Thanks to Todd Sharp for pointing out a very simple way to do this, using the Apache Commons StringEscapeUtils library, which is packaged with CF (and Railo), so you can just do:
<cfset Entity = "&##0233;" />
<cfset StrEscUtils = createObject("java", "org.apache.commons.lang.StringEscapeUtils") />
<cfset Character = StrEscUtils.unescapeHTML(Entity) />
That linked function is icky - there's no need to name them explicitly, and as you say it doesn't do numerics.

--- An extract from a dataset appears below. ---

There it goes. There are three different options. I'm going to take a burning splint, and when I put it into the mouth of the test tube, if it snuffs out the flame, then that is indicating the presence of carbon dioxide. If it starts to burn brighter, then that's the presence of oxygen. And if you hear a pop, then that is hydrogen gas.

Much simpler is to let CF do the work for you - using the XmlParse
function:
<cffunction name="decodeHtmlEntity" returntype="String" output="false">
<cfargument name="Entity" type="String" hint="&##<number>; or &<name>;" />
<cfreturn XmlParse('<xml>#Arguments.Entity#</xml>').XmlRoot.XmlText />
</cffunction>
That one works with Railo, I can't remember if CF supports that syntax yet though, so you might need to change it to:
<cffunction name="decodeHtmlEntity" returntype="String" output="false">
<cfargument name="Entity" type="String" hint="&##<number>; or &<name>;" />
<cfset var XmlDoc = XmlParse('<xml>#Arguments.Entity#</xml>') />
<cfreturn XmlDoc.XmlRoot.XmlText />
</cffunction>